Does your server rack have something like this in it? Are the nerds explaining how its the next big thing in computing. Has it been mostly empty for a while? You’ve been had, your money was wasted, and you should fire your IT guys who recommended it to you. Welcome to a blog devoted to outing bad IT practices that are costing you money, time, performance objectives.
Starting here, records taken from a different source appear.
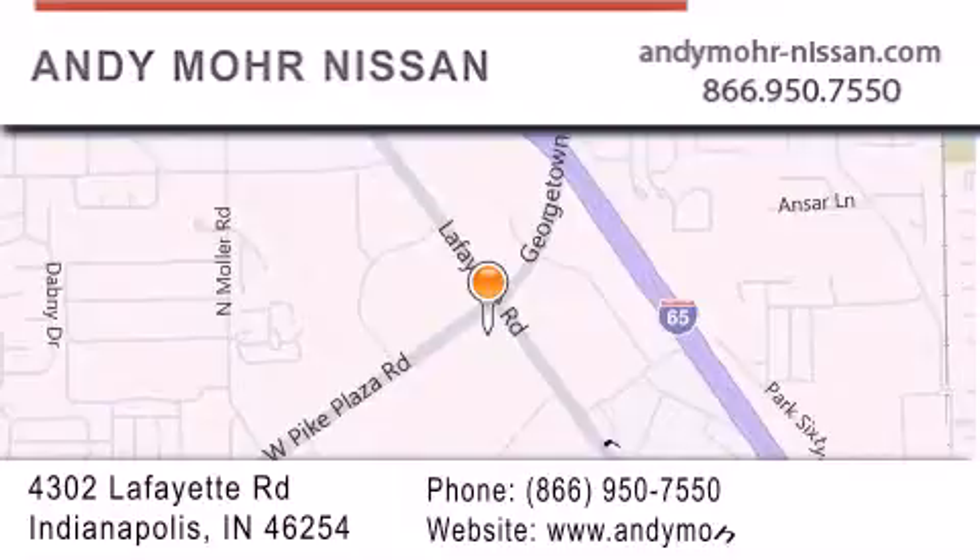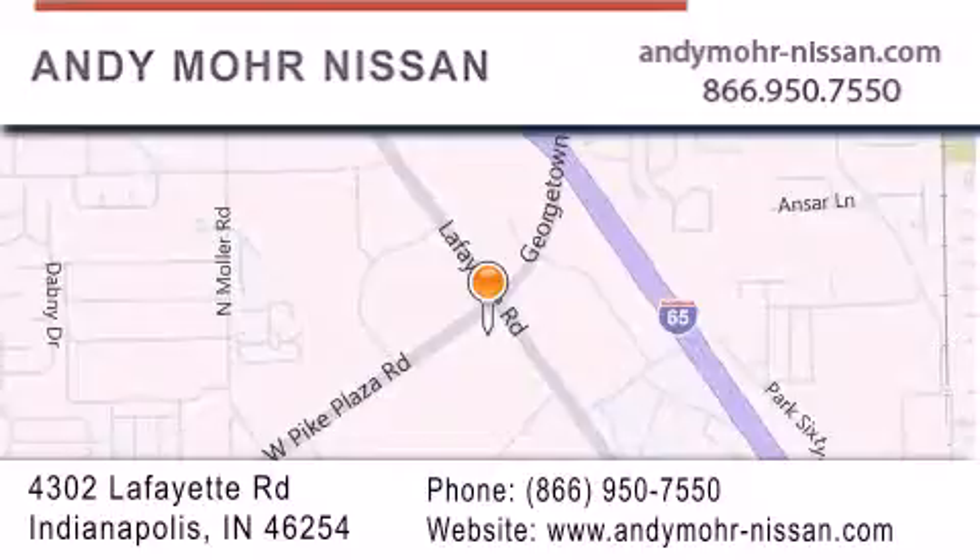You can search our new and used car inventory online, get new car pricing, and receive free no-obligation price quotes. Stop by and visit us today at 4302 Lafayette Road in Indianapolis, or see us online at andymoore-nissan.com.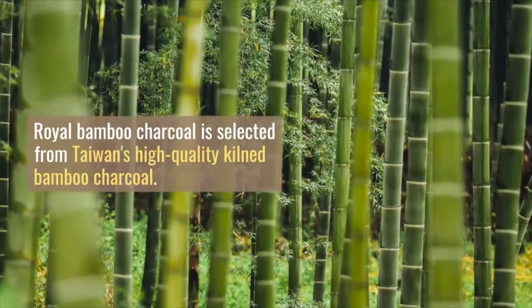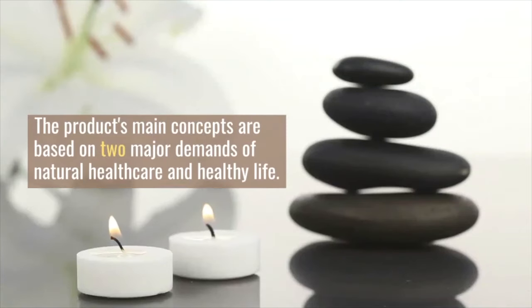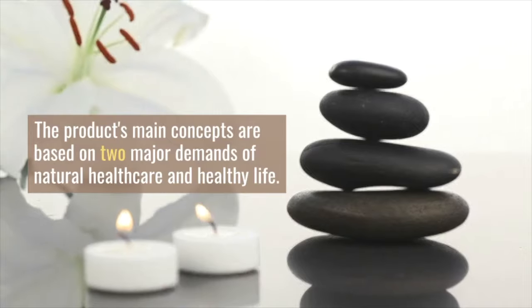Royal bamboo charcoal is selected from Taiwan's high-quality kiln bamboo charcoal. The product's main concepts are based on two major demands of natural health care and healthy life.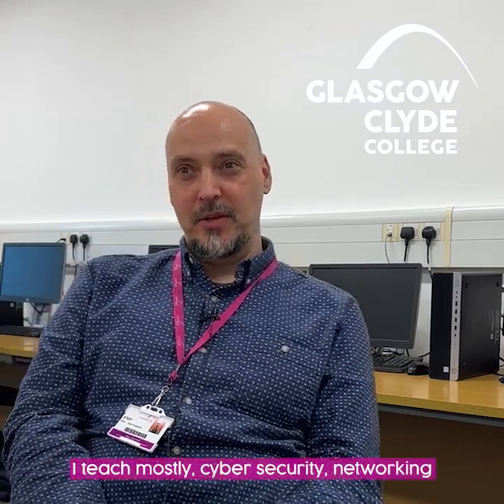Hi, my name's Stuart Thompson. I'm one of the lecturers at Glasgow Clyde College. I teach mostly cyber security, networking, and firewalls.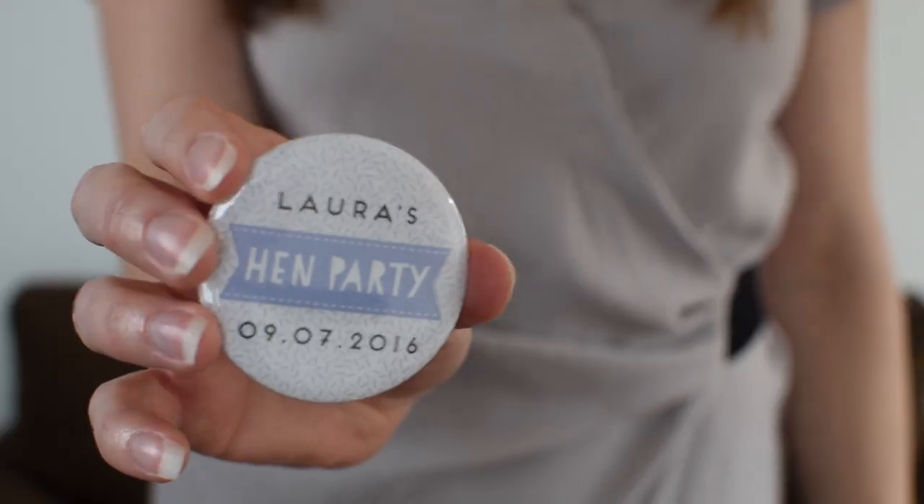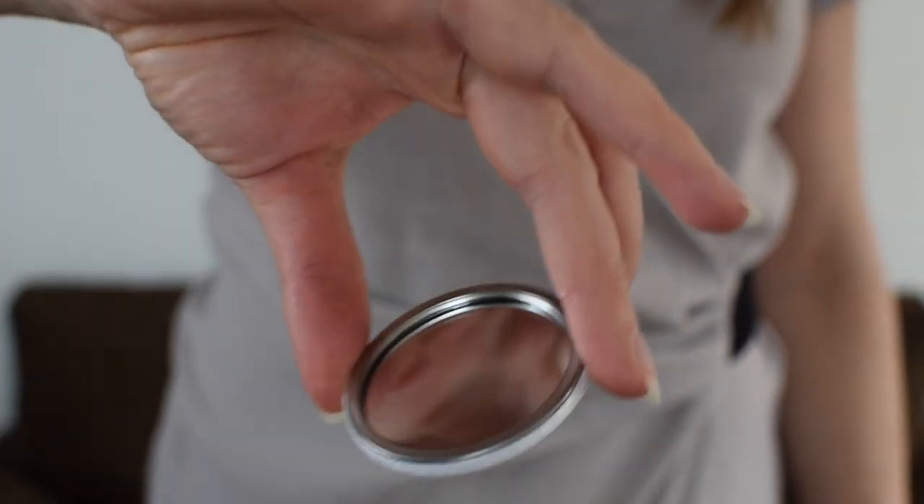As a little souvenir, you might want to include something like this little compact mirror. You can have them personalised with the name of the hen and the date of the event, so your guests have got something to take away — and it's also useful as a compact mirror, a nice little keepsake.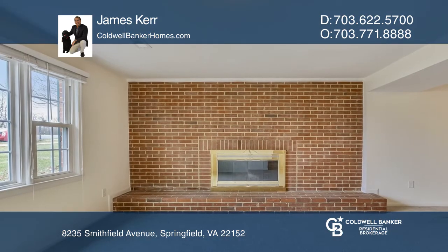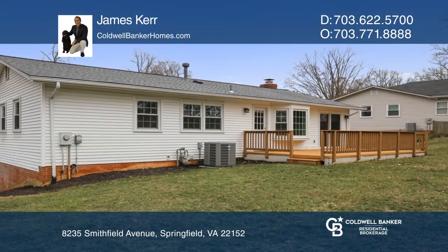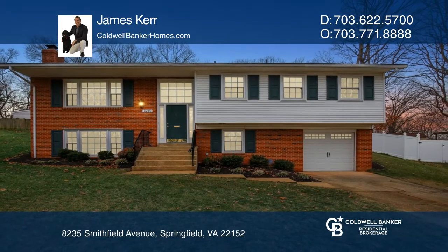The lower level has a cozy rec room with a fireplace and bedroom. The fenced backyard is perfect for recreation with a shed and playset. Make your dream home a reality by calling James Kerr.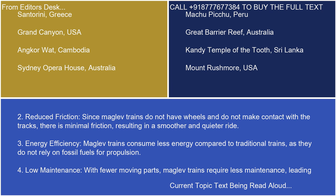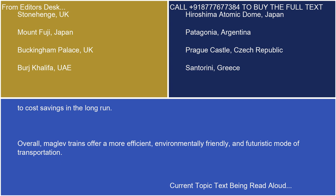4. Low maintenance. With fewer moving parts, maglev trains require less maintenance, leading to cost savings in the long run.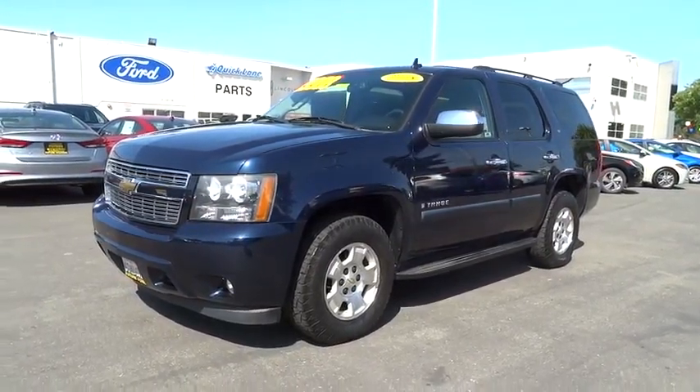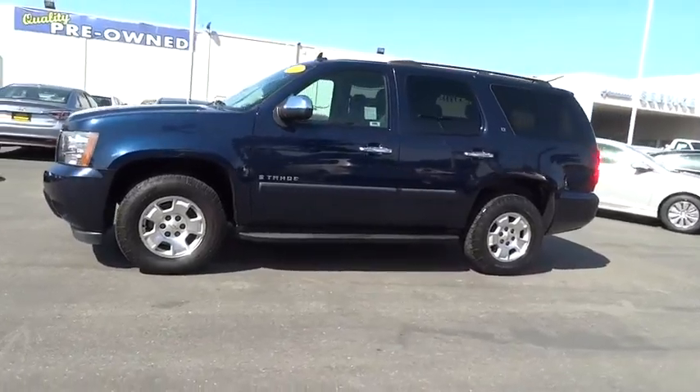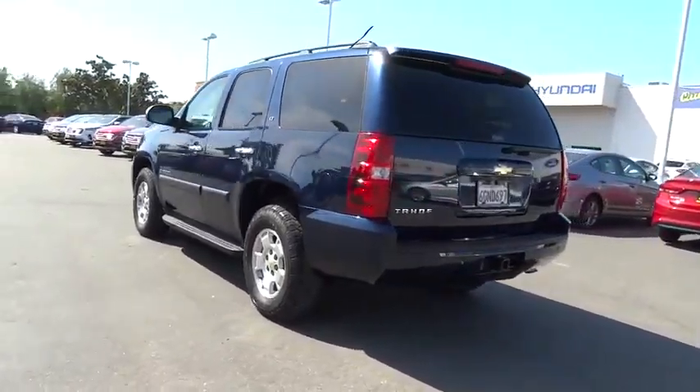The 2008 Chevrolet Tahoe. Tahoe has been the best-selling sports utility vehicle, accounting annually for more than 25% of all full-size SUV registrations in the United States.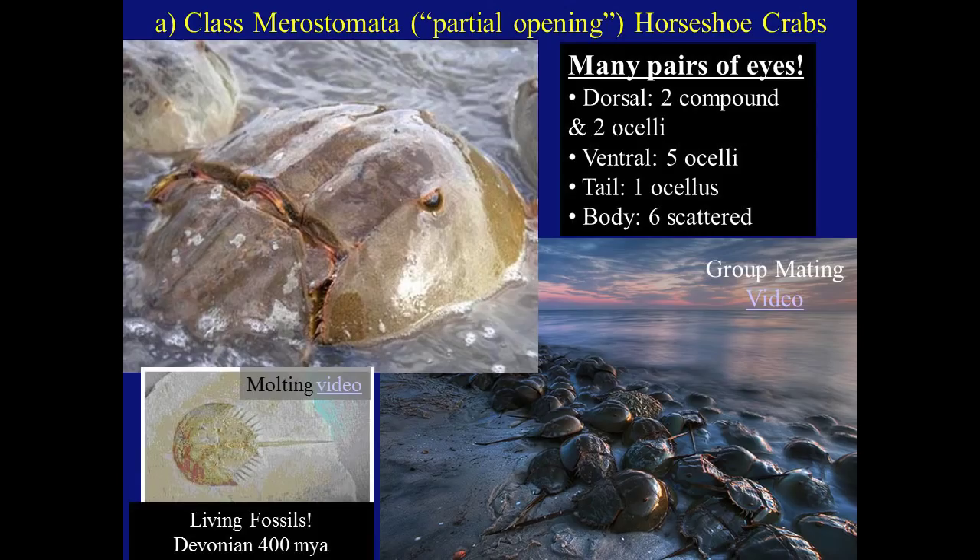The first class in Subphylum Chelicerata is Merostomata — the horseshoe crabs. Merostomata refers to a partial opening. One thing to note with these organisms is they have many pairs of eyes: on the dorsal side they have two compound eyes and two ocelli; on the ventral side they have five ocelli; the tail has an ocellus and the body has six scattered ocelli, meaning these organisms can see a 360-degree view despite their odd shape. The brain puts together those images to form a bubble view of their environment. These organisms are living fossils, having been around since the Devonian period, 400 million years ago.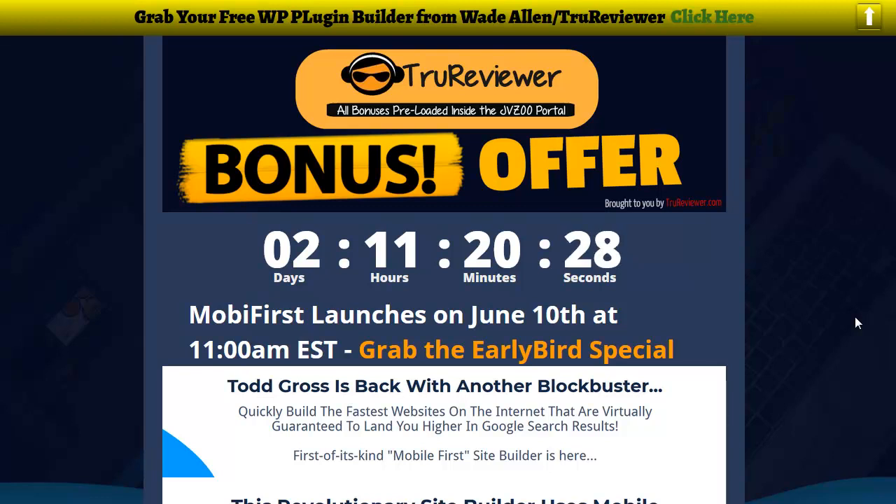Hey everybody, it's Wade from TrueReviewer.com. This video is about Mobi First — it's coming out June 10th at 11 a.m. In this video I'm going to play the demo for you guys from the developers so you can see exactly how this thing works, and I want to get over some of the really cool features.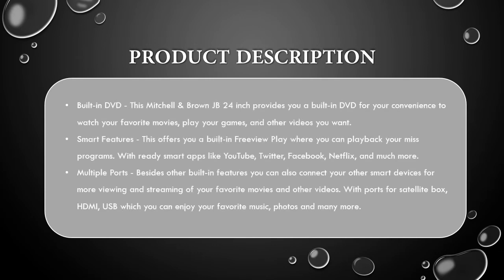Built-in DVD: This Mitchell & Brown JB 24-inch provides you a built-in DVD for your convenience to watch your favorite movies, play your games, and other videos you want.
This is a Blade Server Chassis (Dell in particular) and this is an example of one with 2 servers installed. The idea is that you buy stripped down servers that share power supplies, network and storage switches, as well as large fans allowing for super dense deployment of servers with far fewer cables and a single vendor that supports the entire thing. In some cases it can be a good idea, you spend some money up front and once you fill it up you save on cabling, hassle and redundant components. When you see one like this however (especially one that is two years old or more) you’ve been had. The chassis itself is a box with just fans and power supplies runs a minimum of $30k and after support/networking/storage network and other goodies are added this easily doubles. This is fine if its supporting all 16 half hight servers and reducing cost from fully loading those, but in a case like this your paying two to three times what servers costs, and by the time you get around to filling it out 5 years later the chassis itself will be out of date, causing an expensive rip and replace of not just your servers but ALL of your infrastructure to start this over. I’ve seen one of these loaded with only the equivalent of 3 desktops sold installed and configured for $150,000.
Why do people buy them then abandon them?
- Unrealistic growth and budget forecasting
- Budget forecasting that comes in big chucks every 4-5 years
- They Heard it was the “Enterprise” way of doing this
- Complete lack of understanding of performance needs to accomplish business objectives
- Find an excuse to put it on another department’s budget
About FYIG:

my rack at home looks like this
http://dl.dropbox.com/u/14096765/RackDemo.JPG
Actually. Dell had an offer to get a free chassis if you bought 2 bladeservers.
It was a really good deal focused to get companies interested and Dell ran at loss with this deal.
Not all companies would ever fill up a blade, but some would and eventually give Dell an earning. So in this case it’s possible they bought 2 blades and got the chassis for free
Stewart,As a VMware VTSP I am biased I admit but I don’t accept the comment about Central Point of Failure (vMotion deals with this) or the Extra Cost as far as ESXi 4.0 is concerned. I would totally agree with you with regard to MS hyper-v though
Even in the biggest enterprises I don’t see blades being deployed. Very similar experiences – heavy sales from vendor got the first few in place. Once they were in place the realism of what had been purchased set in. Even buying them fully loaded from the beginning the boxes were a management nightmare not fitting into any existing or conceivable management and talent structure which is critical in the enterprise. Shoving the networking, server hardware administration and systems administration into one box with no clear demarcation as to who owns what and how work is to be done. The only way to do anything is to have network admins on the server console or the server admins making network changes and the datacenter has no idea what to do about anything and can’t find a way to isolate themselves from costly mistakes like decommissioning the wrong server since everything is interconnected!!